(Required work):
Begin your transcription at the line containing "this 1180×630 image." and continue it, word for word, to the final line below. Include only those lines and skip the pictures.
#####
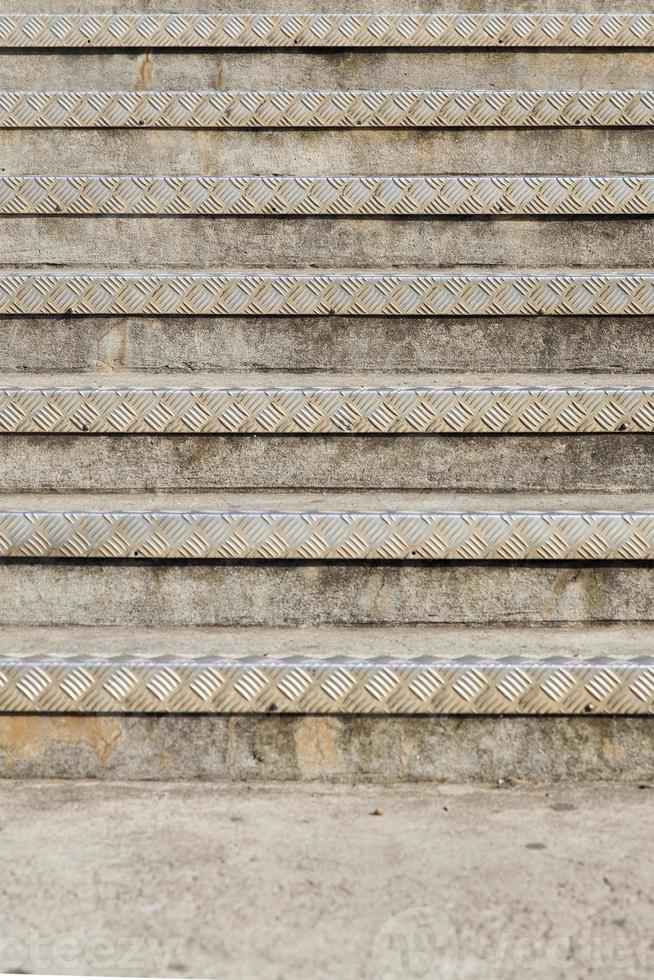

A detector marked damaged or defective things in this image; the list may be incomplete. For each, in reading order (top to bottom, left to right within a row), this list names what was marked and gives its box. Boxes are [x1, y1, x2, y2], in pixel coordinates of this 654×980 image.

rust stain on concrete [0, 716, 123, 768]
rust stain on concrete [292, 716, 344, 776]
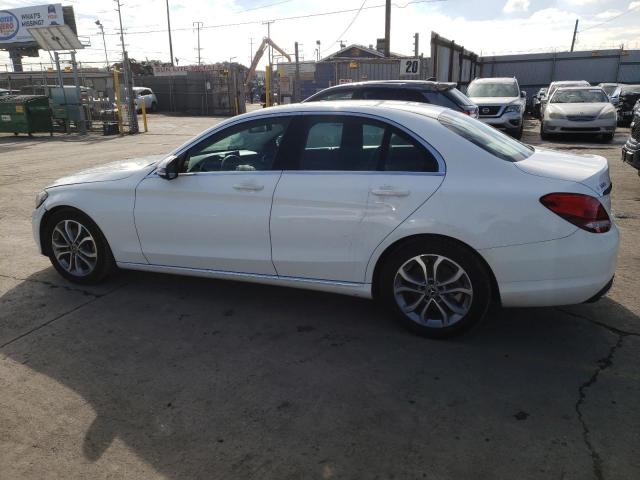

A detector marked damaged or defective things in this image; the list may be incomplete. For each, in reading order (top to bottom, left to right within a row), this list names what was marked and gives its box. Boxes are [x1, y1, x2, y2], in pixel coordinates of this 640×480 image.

crack in asphalt [0, 272, 102, 298]
crack in asphalt [0, 280, 126, 350]
crack in asphalt [556, 306, 640, 478]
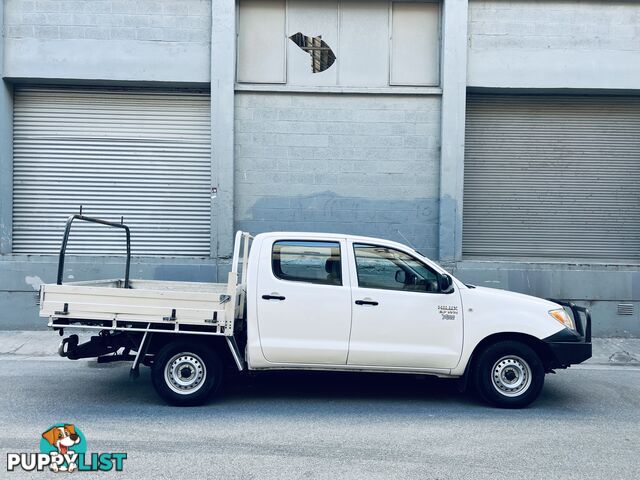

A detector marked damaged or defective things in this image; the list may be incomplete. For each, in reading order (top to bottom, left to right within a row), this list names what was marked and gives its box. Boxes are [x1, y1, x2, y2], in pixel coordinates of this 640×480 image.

broken window [286, 32, 336, 73]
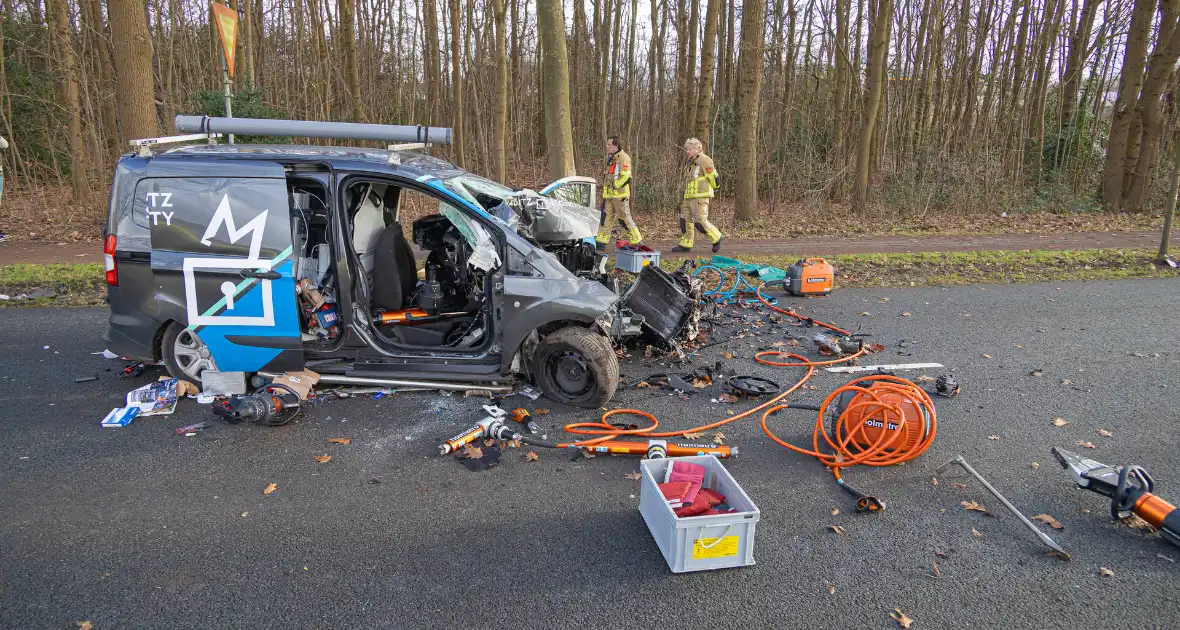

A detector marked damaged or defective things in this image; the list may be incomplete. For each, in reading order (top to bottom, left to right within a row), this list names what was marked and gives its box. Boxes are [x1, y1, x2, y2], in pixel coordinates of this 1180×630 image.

wrecked van [102, 116, 674, 408]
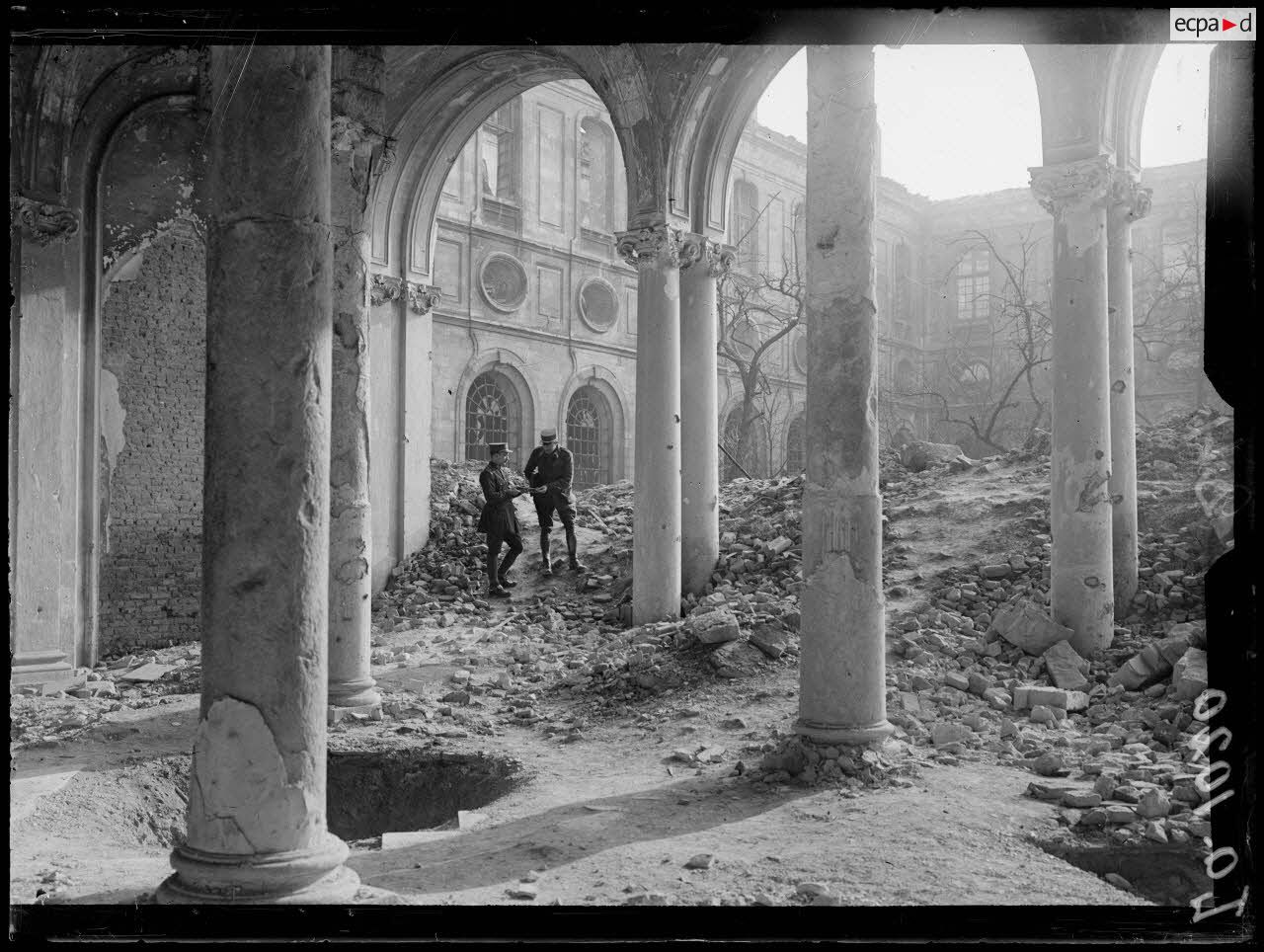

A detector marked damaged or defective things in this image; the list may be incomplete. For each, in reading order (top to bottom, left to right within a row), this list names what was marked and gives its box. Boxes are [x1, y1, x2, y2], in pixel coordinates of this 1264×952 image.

damaged stone column [157, 44, 357, 909]
damaged stone column [326, 42, 385, 715]
damaged stone column [616, 224, 679, 624]
damaged stone column [679, 234, 731, 596]
damaged stone column [794, 42, 893, 743]
damaged stone column [1035, 156, 1114, 660]
damaged stone column [1106, 171, 1146, 612]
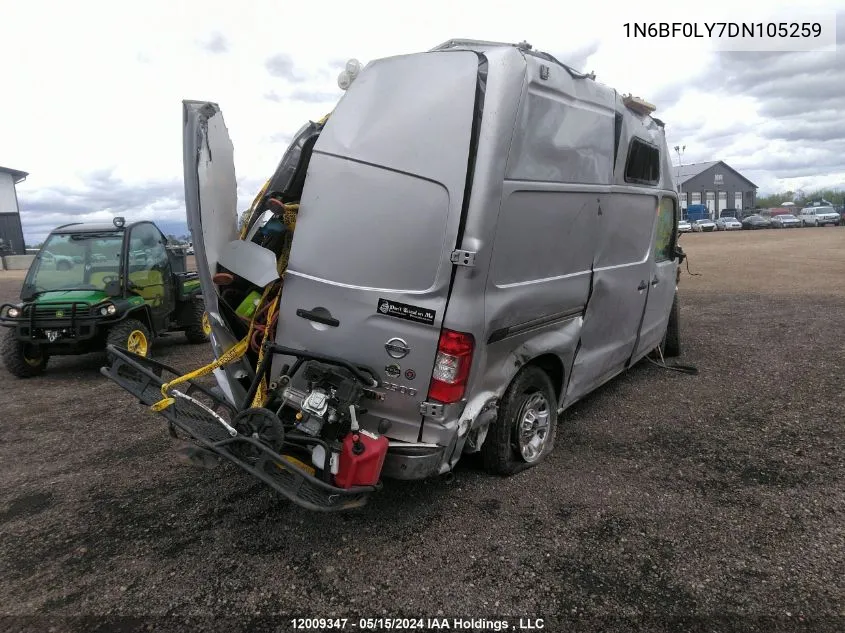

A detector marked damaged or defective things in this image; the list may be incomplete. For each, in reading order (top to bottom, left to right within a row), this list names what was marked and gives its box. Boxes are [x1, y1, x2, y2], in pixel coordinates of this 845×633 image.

severely damaged van [104, 39, 684, 512]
#####
(Solution to this task):
A detector marked damaged or defective things in this image; the list may be incomplete. For each, in reading order (top to bottom, left to right within a row), this list names what was marked and gives its box. Boxes are [x1, y1, x2, y2], in pixel coordinates of this 1180×630 image.

wrecked van [102, 116, 674, 408]

A detector marked damaged or defective things in this image; the list may be incomplete. For each, in reading order (top to bottom, left to right within a row), this list names what was marked and gives its box. Boxes are [x1, y1, x2, y2], in pixel coordinates of this 1264×952 image.

damaged stone column [157, 44, 357, 909]
damaged stone column [326, 42, 385, 715]
damaged stone column [616, 224, 679, 624]
damaged stone column [679, 234, 731, 596]
damaged stone column [794, 42, 893, 743]
damaged stone column [1035, 156, 1114, 660]
damaged stone column [1106, 171, 1146, 612]

A detector marked damaged or defective things in this image; the list may be incomplete. For each, in reading order (top to bottom, left to right within a row), this list names what was marked and gives its box. Boxes are [x1, y1, x2, y2], in pixel coordinates of this 845×633 image.

severely damaged van [104, 39, 684, 512]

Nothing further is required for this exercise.